Where most manufacturers tend to announce and launch their new telly ranges in one great push, Philips has a much more staggered approach.
That's why the 46PFL9704, though theoretically one of 2009's sets, didn't make it to our shores until our April 2009 issue, and will continue to be available until its replacement arrives in around October.
Since its original First Test we've been keen to put the Philips up against its new rivals, and now we have, we can confirm that, while it remains an excellent premium TV, it's no longer the very best in its class.
Good-looking and well built
It is, however, still the best-looking. Others are slimmer, but none is as stylish or as solidly built.
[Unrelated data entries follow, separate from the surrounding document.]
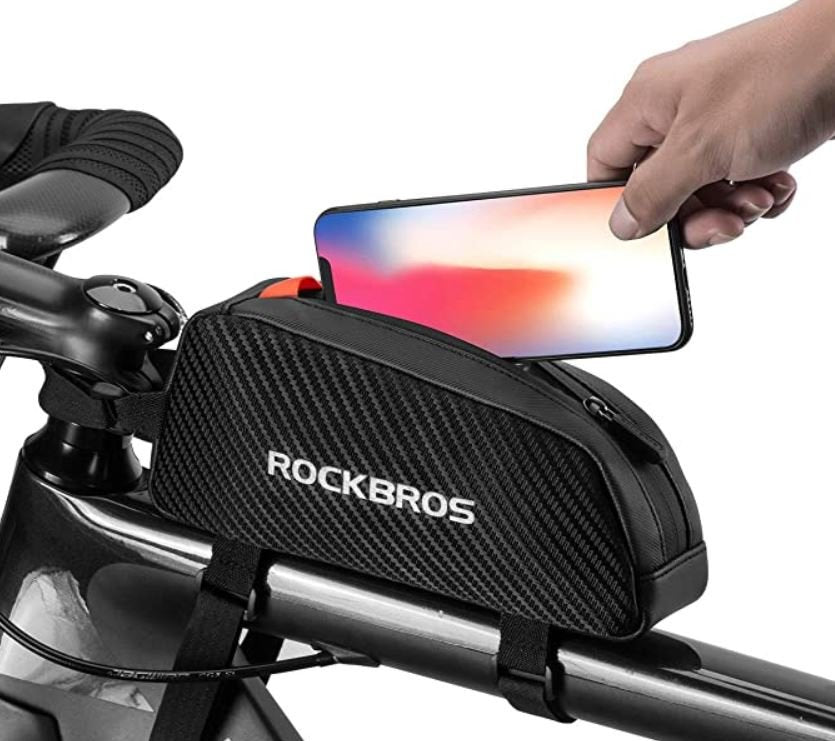 ROCKBROS 039BK bolsa para cuadro de bicicleta aprox.1L para teléfono móvil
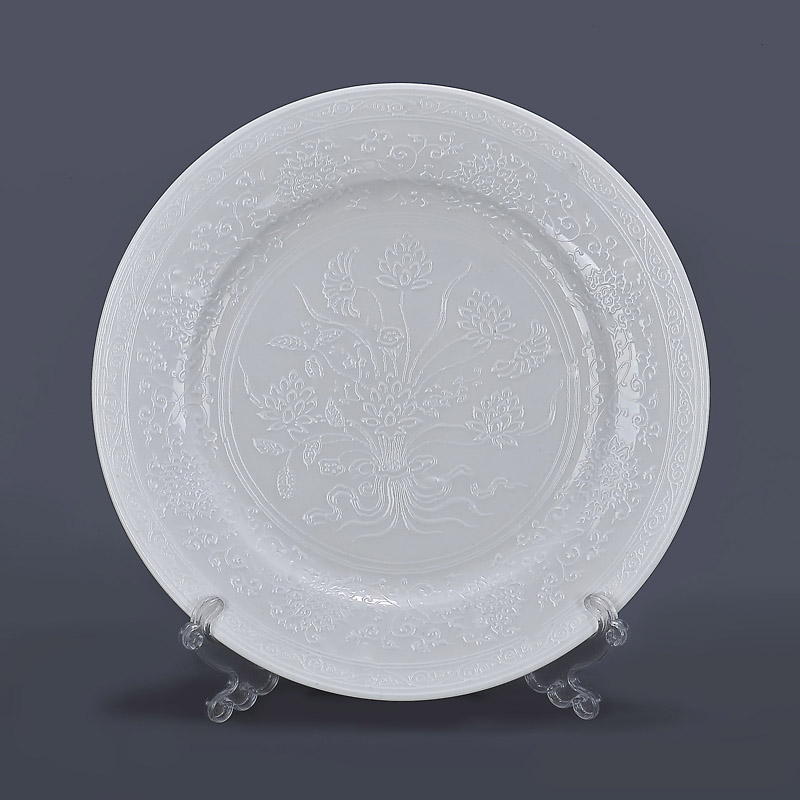 Red xin 56 head of jingdezhen ceramic tableware suit to use dishes Chinese porcelain tableware ceramic bowl white reliefs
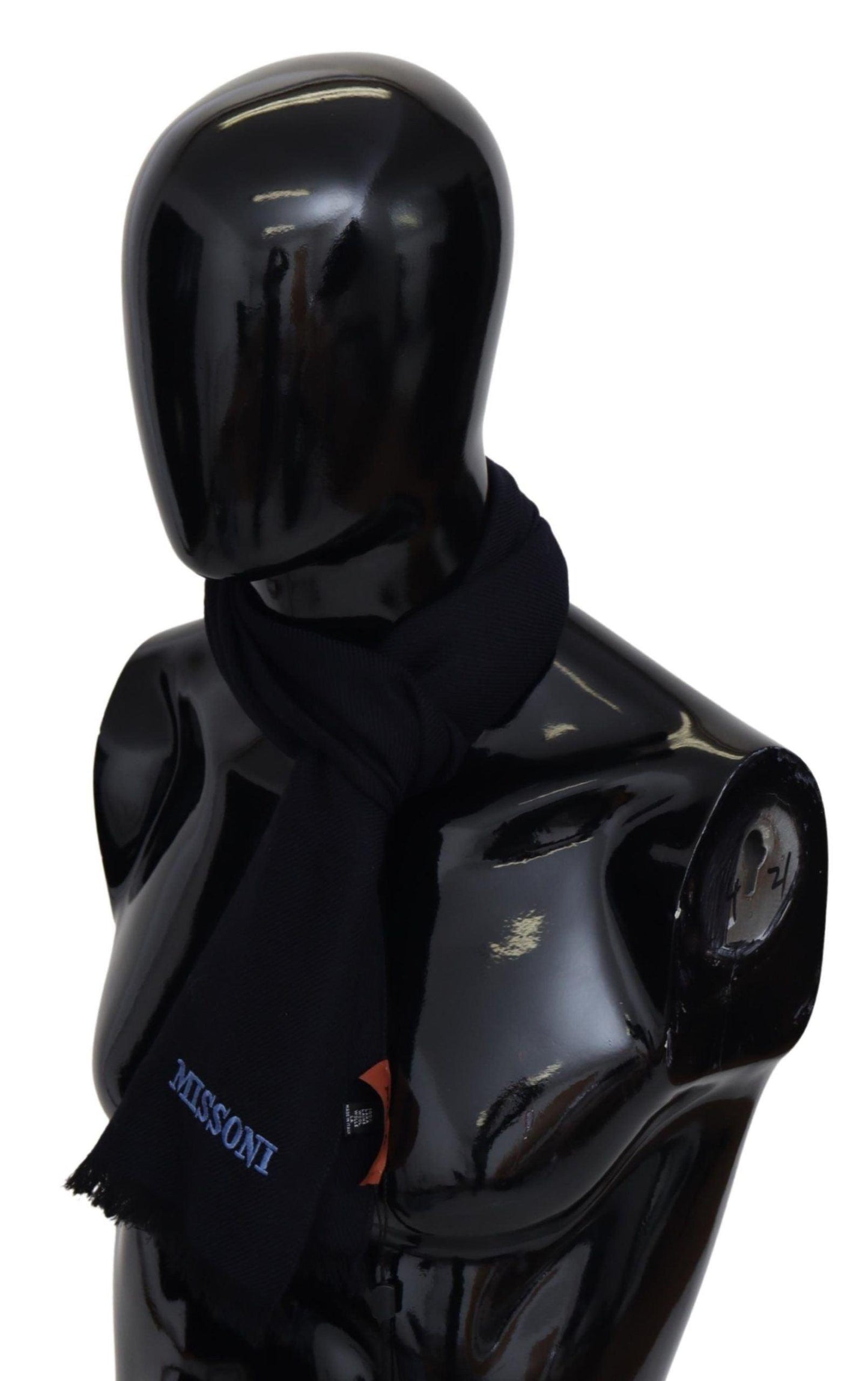 Missoni Elegant Black Wool Unisex Scarf - PER.FASHION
Besides, that extra thickness is a result not only of a full-array LED backlight, but also of three-channel Ambilight, which projects the colours from the edge of the screen onto the wall behind.
It's a feature we're very keen on, as it adds extra perceived depth to images, making 3:10 to Yuma's awesome scenery shots more epic and enveloping.
Given Philips' track record it's no surprise that the 46PFL9704 also proves to be one of the punchiest and sharpest performers with this Blu-ray transfer.
The faces of Russell Crowe's band of outlaws are as weather-worn and craggy as they should be, and the regular fire-fights benefit from the accomplished contrast levels.
This Philips could improve
The new competitors do highlight a couple of areas in which the Philips could improve, though. Blacks look deep, but there's not as much insight into them as offered elsewhere, so the last few details can be lost in dark corners.
It's also fair to say that, while many manufacturers are more than competent in terms of motion processing, this Philips is a little further behind.
There's occasionally a touch of smear to horizontal pans, and it doesn't quite grip fast action as well as the best.
Of course, the 46PFL9704 is still impressive – you can add excellent stability and detail retrieval from standard-def DVD and Freeview to its list of accomplishments.
What's more, it's still the best-sounding flatscreen in its class, with weight, detail and directness that its rivals just can't match. Overall, though, there are now alternatives that just pip it to the top.